The EDGF’s President will continue to be Guillaume De Fondaumiere, who is the Vice- president of the SNJV, the French video game trade association. Guillaume De Fondaumiere is CEO of the Paris based game developer studio Quantic Dream which was very successful with Heavy Rain, the game on Playstation 3.
Hendrik Lesser, the representative of the German association GAME, has been elected to the board for the first time. Hendrik Lesser is a successful serial entrepreneur and developer from Munich, Germany.
KooPee Hiltunen, representative of the Finnish association Suomen pelinkehittäjät ry and Klaus Hansen, representative of the Danish association Producentforeningen, remain on the board, as does Dr Richard Wilson, the CEO of TIGA, the largest developer association in Europe, who was re-elected to the board.
The General Secretary of the European Game Developer Federation Dr. Malte Behrmann said: “The European Game Developer Federation has become increasingly important as a lobbying organization in the context of the European Politics in Brussels and beyond. This is because we have demonstrated the economic, cultural and technological importance of video games in the European Union’s corridors of power.

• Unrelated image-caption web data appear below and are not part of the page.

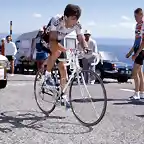 Perico-Tour1987-Mont Ventoux10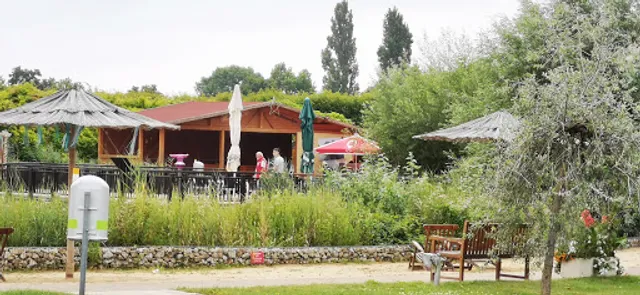 Palmenhaus Kulinarik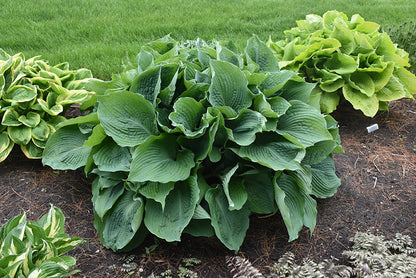 Blue Angel Hosta (#2)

I am delighted that the EDGF has such a strong board for 2013 – 14. EDGF and its members will continue to fly the flag for the video games industry at a European level.”
For further information, please contact Dr. Malte Behrmann (firstname.lastname@example.org)

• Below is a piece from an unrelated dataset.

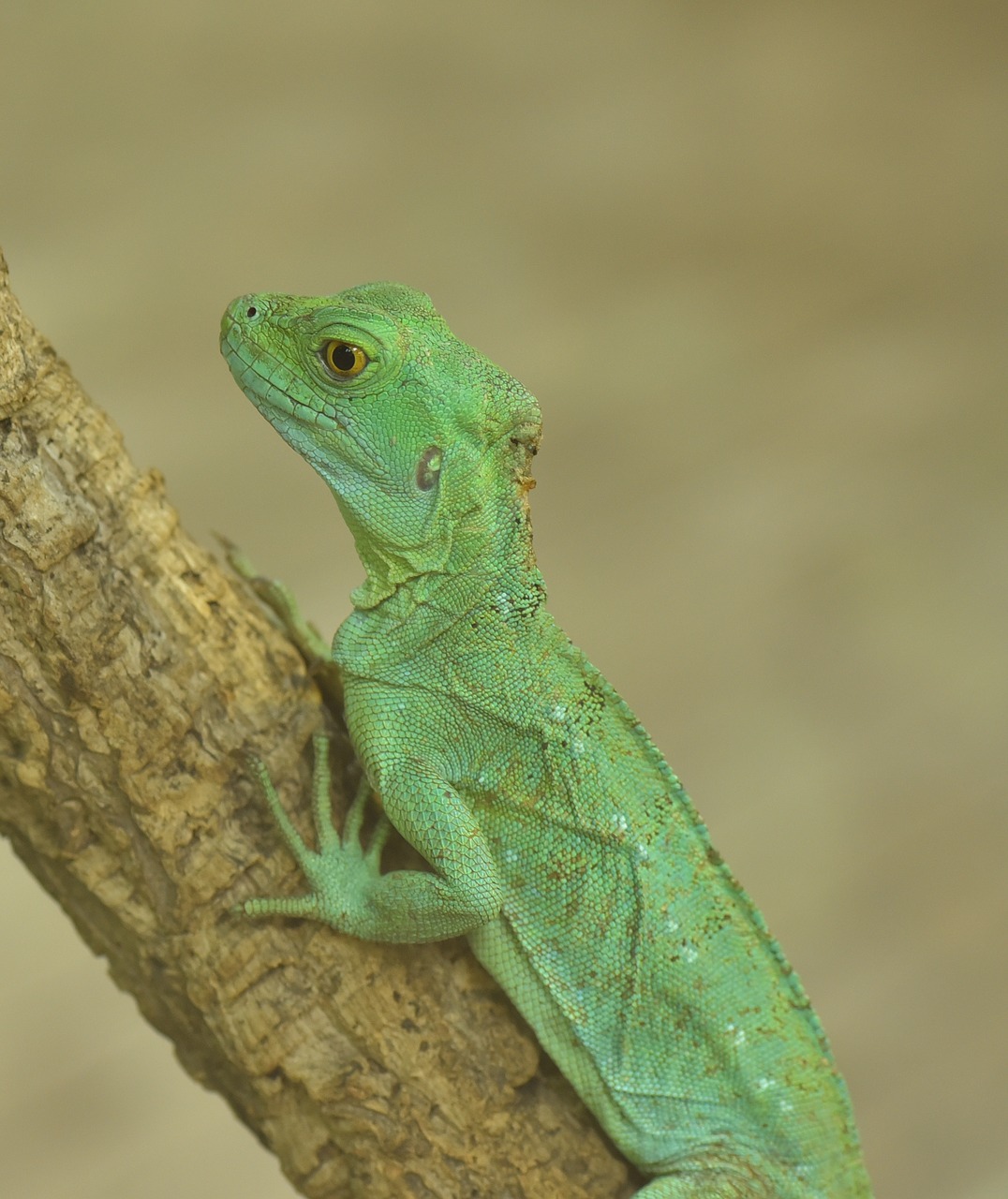 lizard green reptile free photo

The European Games Developer Federation is committed to the stimulation and development of a stable, vibrant and creative European games development sector that is competitive globally and recognized culturally. The EGDF will act to advance the political and economic interests of the European computer and video games industry by providing a platform for collaboration and discussion between European institutions and game developers.
The federation represents some 600 studios based in Austria, Denmark, Finland, France, Germany, Italy, Norway, Spain, and the United Kingdom, which together employ about 17,000 people. The European computer and video games industry, including distributors and students in game educations, encompasses almost 100,000 individuals.